I’d never be ready to say goodbye.
I stood there, looking at these three people in shock, afraid that if I moved, it would end. If I just stood there forever on that busy Madrid street full of workers heading to lunch, I wouldn’t have to say goodbye. We could just keep going and I could keep being happy, keeping feeling understood and loved. If I kept standing there, I’d never have to feel alone again.
Claudia came to me first, bringing me into a hug. She hugged hard and pulled away, smoothing the hair on my head, a waning smile on her lips. “You write to me, you text me, every day. Facebook, phone calls, I don’t care. I love you, girl.”
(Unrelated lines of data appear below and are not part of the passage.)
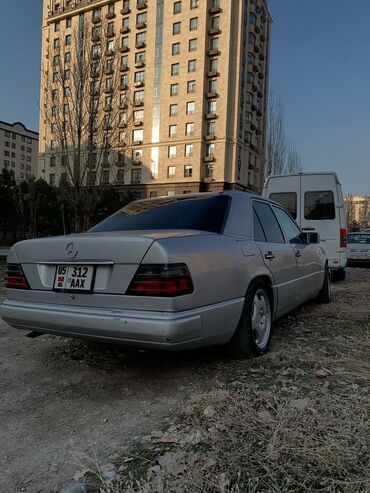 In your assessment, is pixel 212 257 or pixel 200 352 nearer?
pixel 212 257

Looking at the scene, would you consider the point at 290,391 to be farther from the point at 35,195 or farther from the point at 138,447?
the point at 35,195

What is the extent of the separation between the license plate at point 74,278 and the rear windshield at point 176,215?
0.77m

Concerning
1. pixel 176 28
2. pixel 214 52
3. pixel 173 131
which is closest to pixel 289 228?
pixel 173 131

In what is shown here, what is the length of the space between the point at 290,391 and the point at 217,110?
148 ft

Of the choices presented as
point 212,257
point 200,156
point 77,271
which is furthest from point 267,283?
point 200,156

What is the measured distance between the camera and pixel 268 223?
417 cm

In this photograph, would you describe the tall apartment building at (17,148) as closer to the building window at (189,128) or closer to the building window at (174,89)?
the building window at (174,89)

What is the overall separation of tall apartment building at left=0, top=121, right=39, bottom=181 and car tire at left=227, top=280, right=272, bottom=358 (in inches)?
3939

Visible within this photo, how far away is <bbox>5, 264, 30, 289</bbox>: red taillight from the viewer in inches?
122

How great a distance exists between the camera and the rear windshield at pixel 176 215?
3.30 meters

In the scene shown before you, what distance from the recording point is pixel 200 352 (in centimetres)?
356

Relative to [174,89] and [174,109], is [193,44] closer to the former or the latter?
[174,89]

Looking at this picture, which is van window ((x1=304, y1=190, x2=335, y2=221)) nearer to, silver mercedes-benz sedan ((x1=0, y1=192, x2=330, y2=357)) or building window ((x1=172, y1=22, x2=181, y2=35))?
silver mercedes-benz sedan ((x1=0, y1=192, x2=330, y2=357))

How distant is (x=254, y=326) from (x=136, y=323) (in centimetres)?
128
I clenched my jaw, trying to keep it together. I could only nod and try to smile. My eyes burned.
Ricardo came next. He didn’t say anything. He gave me two pecks on each cheek, patted me on the back, and that was it. But I caught a tear in his eye and that was enough to set my chin trembling.
He went back to Claudia, put his arm around her, and led her away to give me and Mateo privacy.
By now, the tears were spilling down my cheeks, my nose running. I quickly wiped it on my arm and almost smiled at how much of a mess I must have looked, my hair sticking to my wet face, my nose all red and snotty.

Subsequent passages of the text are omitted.